For two consecutive days, two esteemed members of the Philippine academe graced the Polytechnic University of the Philippines to deliver separate lectures on mass communication and cultural studies January 26-27, at the Bulwagang Bonifacio of Ninoy Aquino Library Learning and Resource Center.
The Polytechnic University of the Philippines Office of the Vice President for Academic Affairs and Office of the Vice President for Research, Planning and Development through Center for Creative Writing under Institute of Cultural Studies, in partnership with the College of Arts and Letters recently conducted a Professorial Chairholder Lecture Series on Friday.

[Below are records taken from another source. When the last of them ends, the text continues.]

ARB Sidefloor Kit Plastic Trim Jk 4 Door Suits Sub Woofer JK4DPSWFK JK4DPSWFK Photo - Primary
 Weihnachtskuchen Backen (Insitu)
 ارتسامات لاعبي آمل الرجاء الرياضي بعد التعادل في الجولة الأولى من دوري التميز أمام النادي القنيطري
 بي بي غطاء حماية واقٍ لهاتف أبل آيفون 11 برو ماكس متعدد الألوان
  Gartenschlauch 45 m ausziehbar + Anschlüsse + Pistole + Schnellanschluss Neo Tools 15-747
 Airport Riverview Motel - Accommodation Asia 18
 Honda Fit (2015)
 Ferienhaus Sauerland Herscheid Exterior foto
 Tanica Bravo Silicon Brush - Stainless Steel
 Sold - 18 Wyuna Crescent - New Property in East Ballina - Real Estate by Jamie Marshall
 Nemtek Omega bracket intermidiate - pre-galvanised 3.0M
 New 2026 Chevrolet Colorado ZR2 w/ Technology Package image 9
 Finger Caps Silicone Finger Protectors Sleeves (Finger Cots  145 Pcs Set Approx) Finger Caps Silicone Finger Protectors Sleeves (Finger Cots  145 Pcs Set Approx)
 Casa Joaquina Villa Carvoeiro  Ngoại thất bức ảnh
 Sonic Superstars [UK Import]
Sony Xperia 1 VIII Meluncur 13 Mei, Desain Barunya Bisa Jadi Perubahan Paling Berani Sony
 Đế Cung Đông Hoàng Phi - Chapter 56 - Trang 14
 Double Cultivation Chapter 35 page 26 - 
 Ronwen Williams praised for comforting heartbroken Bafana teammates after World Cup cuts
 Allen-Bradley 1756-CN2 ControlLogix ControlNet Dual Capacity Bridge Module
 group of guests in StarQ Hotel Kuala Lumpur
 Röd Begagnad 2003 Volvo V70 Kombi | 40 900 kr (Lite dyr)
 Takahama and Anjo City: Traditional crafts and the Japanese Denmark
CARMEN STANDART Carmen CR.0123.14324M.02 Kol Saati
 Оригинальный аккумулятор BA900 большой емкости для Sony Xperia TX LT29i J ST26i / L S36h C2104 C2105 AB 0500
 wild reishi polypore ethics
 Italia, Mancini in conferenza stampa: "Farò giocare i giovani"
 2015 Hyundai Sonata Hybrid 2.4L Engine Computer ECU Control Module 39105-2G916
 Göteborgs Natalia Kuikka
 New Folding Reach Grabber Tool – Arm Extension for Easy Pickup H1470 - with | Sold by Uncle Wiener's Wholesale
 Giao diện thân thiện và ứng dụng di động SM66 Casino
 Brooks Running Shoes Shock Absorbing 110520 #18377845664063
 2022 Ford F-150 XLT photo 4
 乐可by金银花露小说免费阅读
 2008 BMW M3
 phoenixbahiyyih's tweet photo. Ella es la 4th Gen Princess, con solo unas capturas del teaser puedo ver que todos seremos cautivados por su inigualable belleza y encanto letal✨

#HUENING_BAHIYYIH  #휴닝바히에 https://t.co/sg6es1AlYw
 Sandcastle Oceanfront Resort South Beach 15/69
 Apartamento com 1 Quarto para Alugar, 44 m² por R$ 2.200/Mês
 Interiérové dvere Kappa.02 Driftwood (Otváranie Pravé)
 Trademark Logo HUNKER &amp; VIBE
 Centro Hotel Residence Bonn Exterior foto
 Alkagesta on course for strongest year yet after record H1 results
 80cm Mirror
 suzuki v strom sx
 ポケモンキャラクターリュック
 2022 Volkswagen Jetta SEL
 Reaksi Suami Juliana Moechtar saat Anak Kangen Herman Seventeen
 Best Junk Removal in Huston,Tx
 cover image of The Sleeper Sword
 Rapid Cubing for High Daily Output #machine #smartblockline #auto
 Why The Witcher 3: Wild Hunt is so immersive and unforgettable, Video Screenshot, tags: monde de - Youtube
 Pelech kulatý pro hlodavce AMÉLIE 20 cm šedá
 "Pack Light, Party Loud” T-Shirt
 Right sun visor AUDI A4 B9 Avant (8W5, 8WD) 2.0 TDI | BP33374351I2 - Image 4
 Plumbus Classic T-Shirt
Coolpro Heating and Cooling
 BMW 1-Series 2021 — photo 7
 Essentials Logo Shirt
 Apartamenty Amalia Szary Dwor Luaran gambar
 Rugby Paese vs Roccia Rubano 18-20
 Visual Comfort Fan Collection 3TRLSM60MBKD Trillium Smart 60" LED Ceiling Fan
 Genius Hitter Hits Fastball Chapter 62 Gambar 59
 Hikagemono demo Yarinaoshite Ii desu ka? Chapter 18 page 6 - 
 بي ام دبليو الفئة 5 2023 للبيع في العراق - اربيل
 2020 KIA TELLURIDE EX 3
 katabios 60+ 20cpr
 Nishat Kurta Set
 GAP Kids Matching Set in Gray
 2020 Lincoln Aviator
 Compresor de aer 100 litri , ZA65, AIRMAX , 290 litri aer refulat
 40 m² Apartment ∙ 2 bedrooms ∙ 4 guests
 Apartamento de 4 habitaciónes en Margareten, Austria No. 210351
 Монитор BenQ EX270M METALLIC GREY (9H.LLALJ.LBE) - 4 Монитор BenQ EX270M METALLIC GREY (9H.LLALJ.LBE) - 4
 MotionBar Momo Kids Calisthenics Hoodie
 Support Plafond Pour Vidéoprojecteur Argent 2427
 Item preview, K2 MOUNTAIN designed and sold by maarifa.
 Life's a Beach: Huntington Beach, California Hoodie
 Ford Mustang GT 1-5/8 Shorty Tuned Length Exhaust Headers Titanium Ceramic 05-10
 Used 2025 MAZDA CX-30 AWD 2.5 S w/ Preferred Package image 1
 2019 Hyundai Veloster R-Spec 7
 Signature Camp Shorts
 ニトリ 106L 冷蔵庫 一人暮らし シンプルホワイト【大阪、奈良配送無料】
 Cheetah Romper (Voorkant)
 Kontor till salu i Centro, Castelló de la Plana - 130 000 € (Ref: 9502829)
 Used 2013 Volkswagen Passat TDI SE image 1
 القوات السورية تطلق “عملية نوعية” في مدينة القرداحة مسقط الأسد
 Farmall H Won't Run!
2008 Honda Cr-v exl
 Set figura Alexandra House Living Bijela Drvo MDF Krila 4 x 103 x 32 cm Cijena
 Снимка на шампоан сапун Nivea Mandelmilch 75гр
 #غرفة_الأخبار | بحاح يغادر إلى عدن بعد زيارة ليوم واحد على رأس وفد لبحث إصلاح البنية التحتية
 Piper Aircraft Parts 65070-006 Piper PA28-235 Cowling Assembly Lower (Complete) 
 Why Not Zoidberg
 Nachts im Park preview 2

The event featured the lecture of Dr. Epifanio San Juan Jr. titled “Kontra Modernidad: Ang Tadhana ng Panahon sa Pilipinas Pagkaraan ng Isang Siglo” where he highlighted the national-popular culture in the Philippines in the last four decades.
He also launched his very own book “WALA: Akda at mga Tula”during the lecture.
Dr. E. San Juan Jr. is a Harvard University-trained International scholar. As an author of books on race and cultural studies, he was a “major influence on the academic world”. He was the director of the Philippines Cultural Studies Center in Storrs, Connecticut in the United States. In 1999, San Juan received the Centennial Award for Achievement in Literature from the Cultural Center of the Philippines because of his contributions to Filipino and Filipino-American Studies.
Meanwhile, Dr. Luis Teodoro, the former two-term dean from University of the Philippine’s College of Mass Communication, tackled topics about the current media landscape of the Philippines.
His first talk delved on “The Political Economy of the Media: A Critical Perspective” while his lecture for the afternoon session was about the different alt media or Alternative Media of today.
Dr. Teodoro was a member of the Commission on Higher Education’s (CHED) Technical Panel on Communication and the Social Sciences and chair of the CHED Technical Committee on Journalism Education.
He is currently a deputy director of the Center for Media Freedom and Responsibility.